* REQUIRED WORK
The lines from the start of the records through the one containing "Burberry Brit Scoop" are to be transcribed exactly, and nothing else.

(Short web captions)
◇ ◇ ◇

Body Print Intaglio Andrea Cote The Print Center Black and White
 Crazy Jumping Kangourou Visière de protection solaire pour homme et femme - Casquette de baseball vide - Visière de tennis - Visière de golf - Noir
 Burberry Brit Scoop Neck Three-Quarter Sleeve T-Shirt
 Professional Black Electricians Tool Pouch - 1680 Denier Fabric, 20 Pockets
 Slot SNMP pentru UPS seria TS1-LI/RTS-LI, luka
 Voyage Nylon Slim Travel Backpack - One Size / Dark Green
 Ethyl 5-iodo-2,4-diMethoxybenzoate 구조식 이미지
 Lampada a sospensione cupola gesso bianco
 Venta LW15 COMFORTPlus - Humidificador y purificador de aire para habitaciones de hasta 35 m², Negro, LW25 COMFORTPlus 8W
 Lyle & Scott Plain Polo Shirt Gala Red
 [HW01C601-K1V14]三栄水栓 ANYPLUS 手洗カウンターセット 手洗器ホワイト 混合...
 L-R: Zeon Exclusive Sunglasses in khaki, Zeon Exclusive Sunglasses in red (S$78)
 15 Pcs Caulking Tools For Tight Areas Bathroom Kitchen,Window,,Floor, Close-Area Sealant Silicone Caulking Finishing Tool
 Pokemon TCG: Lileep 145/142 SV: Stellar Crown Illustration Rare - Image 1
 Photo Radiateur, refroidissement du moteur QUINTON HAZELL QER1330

◇ ◇ ◇

* REPLY TO THE EXERCISE
Body Print Intaglio Andrea Cote The Print Center Black and White
 Crazy Jumping Kangourou Visière de protection solaire pour homme et femme - Casquette de baseball vide - Visière de tennis - Visière de golf - Noir
 Burberry Brit Scoop Neck Three-Quarter Sleeve T-Shirt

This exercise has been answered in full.